Logomania: The Champion of Fashion

The New York Times: “Late last year, the high-fashion radical pranksters of Vetements released what would become one of the brand’s signature pieces: a misshapen hoodie with a logo on the chest that played off the traditional Champion script logo, rotating the oversize C 90 degrees to make a V … Ava Nirui, a writer, artist and part of a loose group of bootleg-influenced design provocateurs who use corporate identities as raw material, thought the price, around $700, was outrageous …And so she decided to poke fun at Vetements by seeing its borrowing, and raising it — or more to the point, interrogating it.”

“One at a time, she took actual Champion sweatshirts and incorporated the elongated-C logo into the names of other designers — Rick Owens, Chanel, Gucci, Marc Jacobs — by embroidering the names around the C in utilitarian font. She made them for herself, snapping pictures and posting them to her Instagram account with a shrug emoticon as the caption.”

“Vetements’s cheeky appropriation and Ms. Nirui’s meta-cheeky reappropriation represent two phases of what has become a mini-resurgence of interest among tastemakers, from high fashion to streetwear … This burst of renewed interest has extended to the brand’s history.

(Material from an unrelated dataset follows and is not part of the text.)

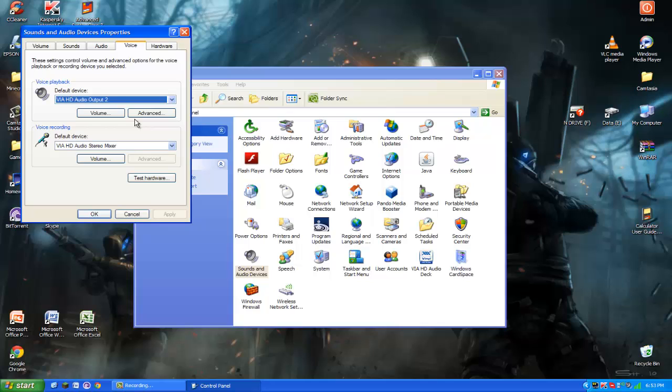What that's gonna do is when you do record it'll feed your microphone volume, your microphone sound through into the in-game audio and it will mix it like that and it will become one sound itself.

The sneaker reseller Flight Club in New York currently has a floor-to-ceiling grid of dozens of 1980s and ’90s American-made Champion sweatshirts, which have been selling briskly. ‘The Champion sweatshirt is such a regal piece,’ said Josh Matthews, the director of merchandising at Flight Club and a longtime collector of the brand.


Quiet Mornings: Art for Breakfast?

The Wall Street Journal: “After giving it a trial run in October, the Museum of Modern Art is making its “Quiet Mornings” program part of the regular calendar at its Midtown location. Starting in January, MoMA will open select galleries to the public from 7:30 a.m. to 9 a.m. on the first Wednesday of every month. The museum normally opens at 10:30 a.m. Adult admission will be $12 (or roughly half the regular price) for the start-of-day session, though visitors can return for no additional charge that same day during the museum’s regular hours.”

“MoMA officials say the ‘Quiet Mornings’ program is an effort to reach out to local patrons who often find the museum, a popular tourist draw, too busy and crowded during the day—or who simply don’t have the time to work in a visit during regular hours.”

“At MoMA, the ‘Quiet Mornings’ program is a break-even financial proposition in that the reduced-price admission revenue is offset by the costs of adding staffing, officials said. Nevertheless, officials are pleased by the buzz the program is generating: During the October run of four consecutive Wednesdays, attendance averaged 500 for each day.”